BEGIN Excerpted records
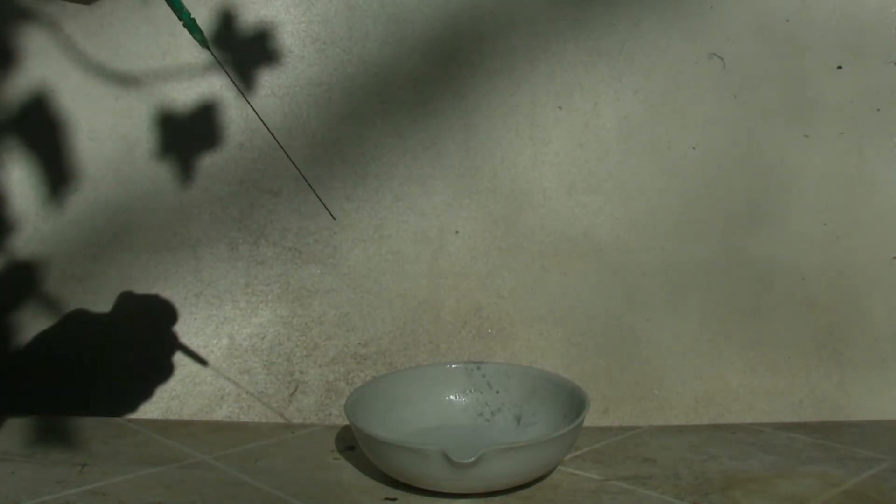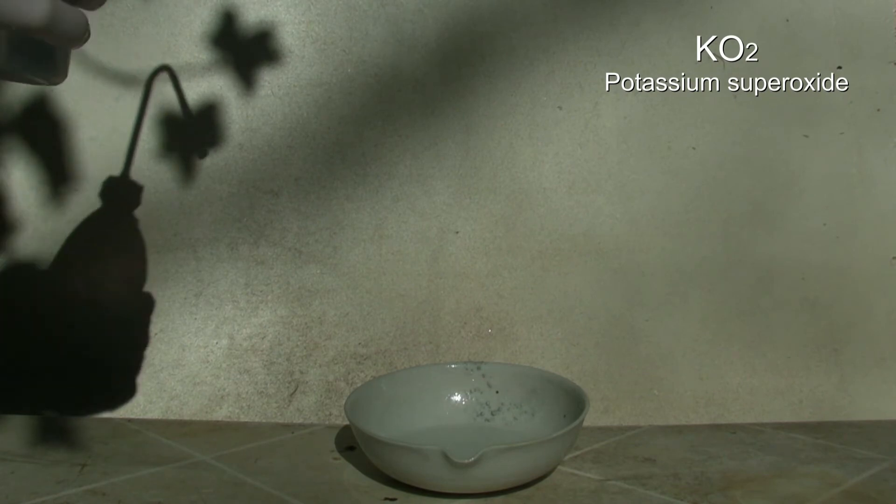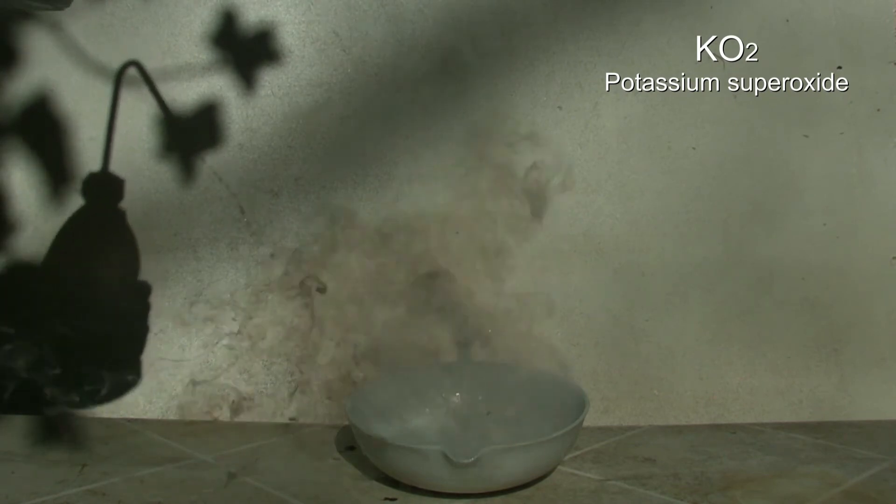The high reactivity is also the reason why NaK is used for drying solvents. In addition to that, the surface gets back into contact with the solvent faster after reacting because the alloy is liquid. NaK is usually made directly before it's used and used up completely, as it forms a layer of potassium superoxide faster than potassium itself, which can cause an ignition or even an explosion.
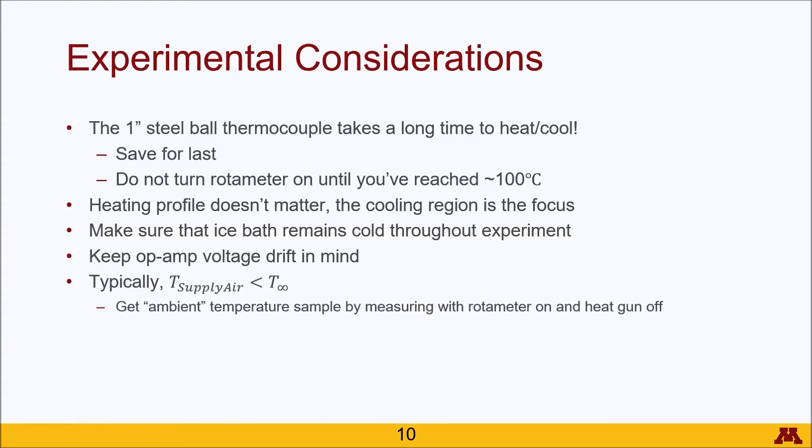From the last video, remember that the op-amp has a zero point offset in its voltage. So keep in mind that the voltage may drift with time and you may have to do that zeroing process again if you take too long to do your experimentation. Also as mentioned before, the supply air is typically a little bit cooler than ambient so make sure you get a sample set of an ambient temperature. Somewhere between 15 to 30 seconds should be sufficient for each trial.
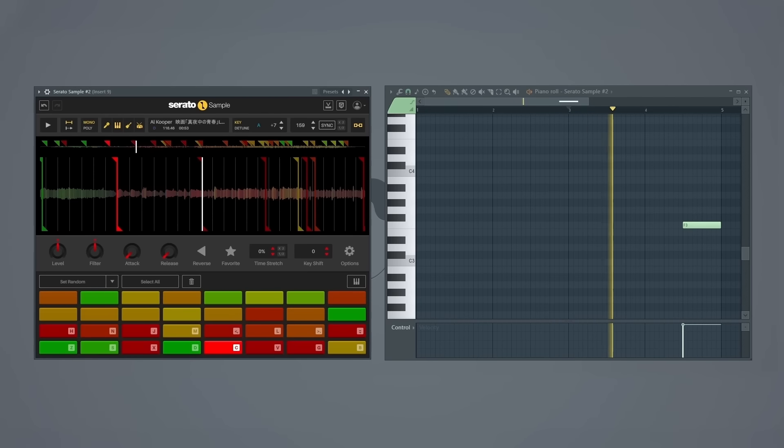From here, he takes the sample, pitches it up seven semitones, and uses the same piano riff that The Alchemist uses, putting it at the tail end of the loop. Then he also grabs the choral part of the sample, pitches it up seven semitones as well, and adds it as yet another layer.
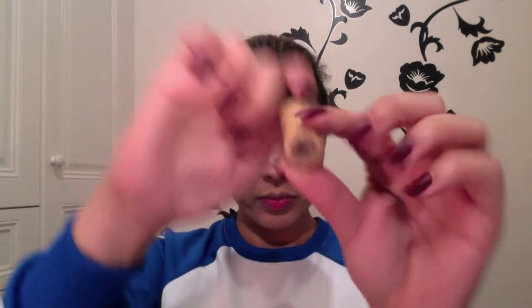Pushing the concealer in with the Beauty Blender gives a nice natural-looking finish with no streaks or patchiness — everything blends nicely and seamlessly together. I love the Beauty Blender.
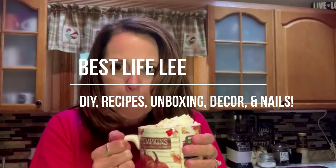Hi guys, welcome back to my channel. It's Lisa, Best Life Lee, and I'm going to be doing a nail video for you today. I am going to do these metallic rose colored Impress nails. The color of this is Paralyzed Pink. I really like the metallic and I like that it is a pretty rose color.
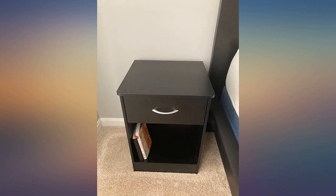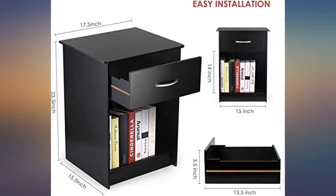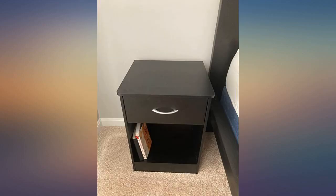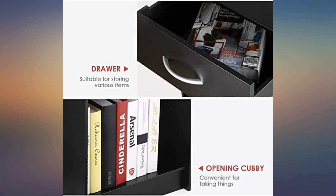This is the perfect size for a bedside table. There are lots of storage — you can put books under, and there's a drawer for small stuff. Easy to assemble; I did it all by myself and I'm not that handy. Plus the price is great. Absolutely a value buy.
END Excerpted records
BEGIN Excerpted records
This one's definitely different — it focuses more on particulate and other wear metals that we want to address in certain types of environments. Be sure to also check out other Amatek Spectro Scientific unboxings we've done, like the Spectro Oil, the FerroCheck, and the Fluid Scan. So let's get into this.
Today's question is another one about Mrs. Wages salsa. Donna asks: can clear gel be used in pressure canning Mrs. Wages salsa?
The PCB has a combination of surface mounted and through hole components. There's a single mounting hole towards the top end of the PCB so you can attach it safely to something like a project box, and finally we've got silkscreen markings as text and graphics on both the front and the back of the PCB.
END Excerpted records
Exercise prompt: Lines from the one above containing "The high reactivity" down to the one containing "From the last" should be transcribed exactly, with both ends kept and no pictures.

Response area:
The high reactivity is also the reason why NaK is used for drying solvents. In addition to that, the surface gets back into contact with the solvent faster after reacting because the alloy is liquid. NaK is usually made directly before it's used and used up completely, as it forms a layer of potassium superoxide faster than potassium itself, which can cause an ignition or even an explosion.
From the last video, remember that the op-amp has a zero point offset in its voltage. So keep in mind that the voltage may drift with time and you may have to do that zeroing process again if you take too long to do your experimentation. Also as mentioned before, the supply air is typically a little bit cooler than ambient so make sure you get a sample set of an ambient temperature. Somewhere between 15 to 30 seconds should be sufficient for each trial.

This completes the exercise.